What about foreign trade in goods?

Global trade is expected to grow faster in 2024 than 2023, but for now, demand remains tepid in most developed markets. The festering geopolitical risks and conflicts aside, the upcoming election in the U.S. and its tariff hikes on Chinese goods even as Beijing grapples with a faltering domestic economy, presents a double-edged sword for players like India. While China’s demand for imports slip, it has more reason to dump its products in non-U.S. markets at throwaway prices. Moreover, this interplay of downward pressures is expected to keep oil prices low, hurting India’s oil export hopes, even as concerns about overall global demand impulses have increased. Beyond the short term, the road ahead for India’s trade — the government aims to scale up services and goods exports to a trillion dollars each by 2030 — is not likely to be smooth.

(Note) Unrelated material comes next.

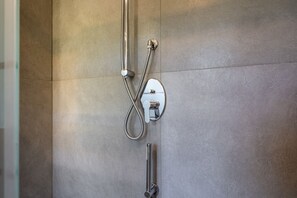 Een douche, een haardroger, een bidet, handdoeken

There are challenges to boosting the export growth engine, Chief Economic Adviser V. Anantha Nageswaran said, with the global economy slowing down, tariffs and non-tariff barriers proliferating with countries adopting “active industrial policies” since the pandemic, and new trade walls such as the European Union’s Carbon Border Adjustment Mechanism and Deforestation Rules coming into play. There could be a year or two that offer the chance to ramp up exports, but all in all, it’s going to be a hard time, he concluded.